Male Wistar rats were randomly assigned to a control group (NC) or a cisplatin-induced AKI group (Cis). The gut microbiota composition was analysed using 16 S rRNA sequencing, and faecal metabolomic profiles were characterized using untargeted metabolomics (UPLC‒MS/MS). The relationships among serum creatinine (SCr), blood urea nitrogen (BUN), faecal metabolites, and the gut microbiota were investigated to identify potential biomarkers and therapeutic targets for AKI. The functional impact of the identified metabolites was further assessed in HK-2 human renal tubular epithelial cells using Cell Counting Kit-8 (CCK-8) and flow cytometry assays. Cisplatin administration induced significant dysbiosis of the gut microbiota, altering its composition. The Cis group was enriched in proinflammatory genera such as Enterococcus and Anaerostipes, whereas the NC group was enriched in potentially beneficial genera such as Brotonthovivens, whose abundance was negatively correlated with the SCr and BUN levels.
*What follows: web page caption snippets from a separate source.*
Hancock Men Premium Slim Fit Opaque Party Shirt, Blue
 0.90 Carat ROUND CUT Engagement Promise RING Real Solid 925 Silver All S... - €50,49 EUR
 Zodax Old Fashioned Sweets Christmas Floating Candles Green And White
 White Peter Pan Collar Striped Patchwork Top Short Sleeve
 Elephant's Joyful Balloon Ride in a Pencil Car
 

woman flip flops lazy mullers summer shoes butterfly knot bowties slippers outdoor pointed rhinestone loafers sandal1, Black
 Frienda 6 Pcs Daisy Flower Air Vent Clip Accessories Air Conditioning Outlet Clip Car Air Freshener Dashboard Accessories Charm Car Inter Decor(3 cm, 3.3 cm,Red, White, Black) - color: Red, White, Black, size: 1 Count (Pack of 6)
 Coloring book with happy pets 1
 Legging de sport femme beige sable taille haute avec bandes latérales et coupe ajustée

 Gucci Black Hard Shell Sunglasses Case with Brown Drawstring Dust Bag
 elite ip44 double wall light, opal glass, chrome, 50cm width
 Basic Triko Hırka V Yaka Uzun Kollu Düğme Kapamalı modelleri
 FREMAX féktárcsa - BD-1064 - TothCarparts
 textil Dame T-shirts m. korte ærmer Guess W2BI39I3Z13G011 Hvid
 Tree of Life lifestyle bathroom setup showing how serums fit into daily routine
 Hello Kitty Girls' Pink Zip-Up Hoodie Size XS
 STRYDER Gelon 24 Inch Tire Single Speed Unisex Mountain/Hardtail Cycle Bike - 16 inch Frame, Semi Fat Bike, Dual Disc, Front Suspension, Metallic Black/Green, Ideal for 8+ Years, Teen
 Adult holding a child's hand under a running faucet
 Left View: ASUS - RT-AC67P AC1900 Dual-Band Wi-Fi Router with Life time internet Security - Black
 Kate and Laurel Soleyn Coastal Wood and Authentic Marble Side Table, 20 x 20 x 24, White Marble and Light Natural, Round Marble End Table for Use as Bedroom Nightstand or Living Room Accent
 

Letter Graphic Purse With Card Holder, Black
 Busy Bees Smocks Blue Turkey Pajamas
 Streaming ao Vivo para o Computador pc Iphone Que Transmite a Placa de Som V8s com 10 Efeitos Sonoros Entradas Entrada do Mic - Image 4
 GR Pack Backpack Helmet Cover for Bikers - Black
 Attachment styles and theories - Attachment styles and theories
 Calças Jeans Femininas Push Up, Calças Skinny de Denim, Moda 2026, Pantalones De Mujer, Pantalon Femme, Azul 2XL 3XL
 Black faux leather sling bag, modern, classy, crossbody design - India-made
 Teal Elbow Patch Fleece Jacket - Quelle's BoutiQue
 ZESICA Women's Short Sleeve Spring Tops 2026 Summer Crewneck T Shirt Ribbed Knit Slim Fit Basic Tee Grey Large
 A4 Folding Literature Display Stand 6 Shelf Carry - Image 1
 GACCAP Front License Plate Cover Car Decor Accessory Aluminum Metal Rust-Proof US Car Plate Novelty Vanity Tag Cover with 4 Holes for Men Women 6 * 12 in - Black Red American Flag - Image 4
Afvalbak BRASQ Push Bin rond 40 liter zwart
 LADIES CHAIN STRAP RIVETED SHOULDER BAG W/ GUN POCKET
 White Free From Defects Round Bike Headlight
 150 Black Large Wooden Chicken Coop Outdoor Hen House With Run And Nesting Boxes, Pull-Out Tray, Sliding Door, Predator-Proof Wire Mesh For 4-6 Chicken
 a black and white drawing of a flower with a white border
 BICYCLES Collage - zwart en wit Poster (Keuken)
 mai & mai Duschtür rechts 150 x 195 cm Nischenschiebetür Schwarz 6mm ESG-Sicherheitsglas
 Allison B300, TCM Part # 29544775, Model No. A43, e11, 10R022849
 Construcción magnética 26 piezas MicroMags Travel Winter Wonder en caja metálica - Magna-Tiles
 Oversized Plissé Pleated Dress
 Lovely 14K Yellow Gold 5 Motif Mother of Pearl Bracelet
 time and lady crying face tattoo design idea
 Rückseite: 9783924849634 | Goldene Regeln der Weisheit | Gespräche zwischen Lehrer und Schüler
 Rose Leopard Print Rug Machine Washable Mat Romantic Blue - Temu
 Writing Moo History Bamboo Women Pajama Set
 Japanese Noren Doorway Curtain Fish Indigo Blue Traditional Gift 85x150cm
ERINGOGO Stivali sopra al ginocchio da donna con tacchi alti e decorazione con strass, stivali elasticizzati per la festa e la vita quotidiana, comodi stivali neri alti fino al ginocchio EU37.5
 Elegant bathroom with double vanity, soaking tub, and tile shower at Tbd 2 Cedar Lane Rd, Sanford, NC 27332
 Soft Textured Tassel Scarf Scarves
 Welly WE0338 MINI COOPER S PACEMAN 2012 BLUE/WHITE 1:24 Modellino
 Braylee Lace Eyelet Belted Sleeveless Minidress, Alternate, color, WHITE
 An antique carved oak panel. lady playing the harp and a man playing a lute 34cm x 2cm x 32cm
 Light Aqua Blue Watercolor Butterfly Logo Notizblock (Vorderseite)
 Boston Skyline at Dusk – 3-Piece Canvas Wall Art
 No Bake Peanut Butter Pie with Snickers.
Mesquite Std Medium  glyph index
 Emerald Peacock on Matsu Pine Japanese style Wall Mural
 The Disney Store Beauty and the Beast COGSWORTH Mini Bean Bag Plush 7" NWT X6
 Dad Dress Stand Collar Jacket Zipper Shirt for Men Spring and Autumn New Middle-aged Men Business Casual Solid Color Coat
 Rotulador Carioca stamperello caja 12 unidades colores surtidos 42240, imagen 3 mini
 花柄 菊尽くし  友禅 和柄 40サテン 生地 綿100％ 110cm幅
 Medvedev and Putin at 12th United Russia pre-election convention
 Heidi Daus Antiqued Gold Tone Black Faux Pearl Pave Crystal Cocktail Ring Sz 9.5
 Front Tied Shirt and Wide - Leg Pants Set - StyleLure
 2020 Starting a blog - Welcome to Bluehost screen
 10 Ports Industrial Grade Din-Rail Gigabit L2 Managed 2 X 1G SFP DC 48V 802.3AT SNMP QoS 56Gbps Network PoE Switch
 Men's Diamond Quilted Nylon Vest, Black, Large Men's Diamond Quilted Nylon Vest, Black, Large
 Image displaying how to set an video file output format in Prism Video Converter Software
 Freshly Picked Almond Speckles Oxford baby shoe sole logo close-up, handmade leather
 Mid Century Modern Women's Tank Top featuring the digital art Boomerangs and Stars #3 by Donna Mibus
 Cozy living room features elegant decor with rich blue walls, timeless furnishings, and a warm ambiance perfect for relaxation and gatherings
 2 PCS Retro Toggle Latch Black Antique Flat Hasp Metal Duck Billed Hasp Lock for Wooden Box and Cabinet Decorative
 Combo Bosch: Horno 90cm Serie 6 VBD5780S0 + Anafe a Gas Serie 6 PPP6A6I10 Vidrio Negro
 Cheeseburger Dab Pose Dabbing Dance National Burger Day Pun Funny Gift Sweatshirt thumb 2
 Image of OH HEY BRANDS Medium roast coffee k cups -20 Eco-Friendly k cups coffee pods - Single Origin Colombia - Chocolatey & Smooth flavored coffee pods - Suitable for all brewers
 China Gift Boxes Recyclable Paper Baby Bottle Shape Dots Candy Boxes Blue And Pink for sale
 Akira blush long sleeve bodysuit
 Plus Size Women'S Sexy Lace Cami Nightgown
Concurrently, 20 differential faecal metabolites, including elevated dehydroepiandrosterone (DHEA) and N-acetylaspartic acid (NAA), were significantly correlated with impaired renal function. Correlation network analysis further revealed intricate associations between specific bacterial abundances and metabolite levels: Enterococcus was positively correlated with DHEA and NAA but negatively correlated with adenosine, guanine, and linoleic acid, whereas Brotonthovivens exhibited the opposite pattern. Moreover, analysis of colonic tissue revealed significant downregulation of the expression levels of the tight junction proteins ZO-1 and occludin, indicating impaired intestinal barrier integrity. Based on these integrated in vivo findings, targeted in vitro validation in HK-2 cells demonstrated that adenosine significantly attenuated cisplatin-induced cytotoxicity and apoptosis, whereas NAA exacerbated these injuries.

Conclusions

Our findings demonstrated that cisplatin-induced AKI significantly reshaped the gut microbiota and faecal metabolome in rats. This study demonstrates potential interactions between specific gut microbes and host metabolites during AKI progression, offering novel insights into the gut–kidney axis and highlighting potential microbial and metabolic targets for future therapeutic interventions.